**What to produce**
When you come to the line with "Smygpremiär för Hotel City i Gävle", begin repeating; continue exactly through the final line of the records and include nothing from before.

**** Extracted information ****

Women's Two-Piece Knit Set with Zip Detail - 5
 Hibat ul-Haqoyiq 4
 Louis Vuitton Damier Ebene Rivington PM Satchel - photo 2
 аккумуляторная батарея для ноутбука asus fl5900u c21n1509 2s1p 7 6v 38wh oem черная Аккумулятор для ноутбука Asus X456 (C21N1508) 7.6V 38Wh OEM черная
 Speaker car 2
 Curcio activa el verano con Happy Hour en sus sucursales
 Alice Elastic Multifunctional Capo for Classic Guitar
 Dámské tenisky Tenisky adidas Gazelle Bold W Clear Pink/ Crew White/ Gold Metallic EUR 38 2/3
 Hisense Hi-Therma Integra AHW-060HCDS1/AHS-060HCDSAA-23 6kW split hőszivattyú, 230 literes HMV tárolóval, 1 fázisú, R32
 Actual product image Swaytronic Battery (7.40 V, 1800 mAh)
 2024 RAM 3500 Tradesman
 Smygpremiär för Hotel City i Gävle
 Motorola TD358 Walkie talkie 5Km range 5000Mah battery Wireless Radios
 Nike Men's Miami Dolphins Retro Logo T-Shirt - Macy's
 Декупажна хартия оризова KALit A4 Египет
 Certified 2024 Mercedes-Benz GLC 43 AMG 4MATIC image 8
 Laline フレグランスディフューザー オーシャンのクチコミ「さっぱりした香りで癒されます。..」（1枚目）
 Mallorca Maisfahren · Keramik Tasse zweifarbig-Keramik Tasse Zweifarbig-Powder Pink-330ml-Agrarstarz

****

**Result of this exercise**
 Smygpremiär för Hotel City i Gävle
 Motorola TD358 Walkie talkie 5Km range 5000Mah battery Wireless Radios
 Nike Men's Miami Dolphins Retro Logo T-Shirt - Macy's
 Декупажна хартия оризова KALit A4 Египет
 Certified 2024 Mercedes-Benz GLC 43 AMG 4MATIC image 8
 Laline フレグランスディフューザー オーシャンのクチコミ「さっぱりした香りで癒されます。..」（1枚目）
 Mallorca Maisfahren · Keramik Tasse zweifarbig-Keramik Tasse Zweifarbig-Powder Pink-330ml-Agrarstarz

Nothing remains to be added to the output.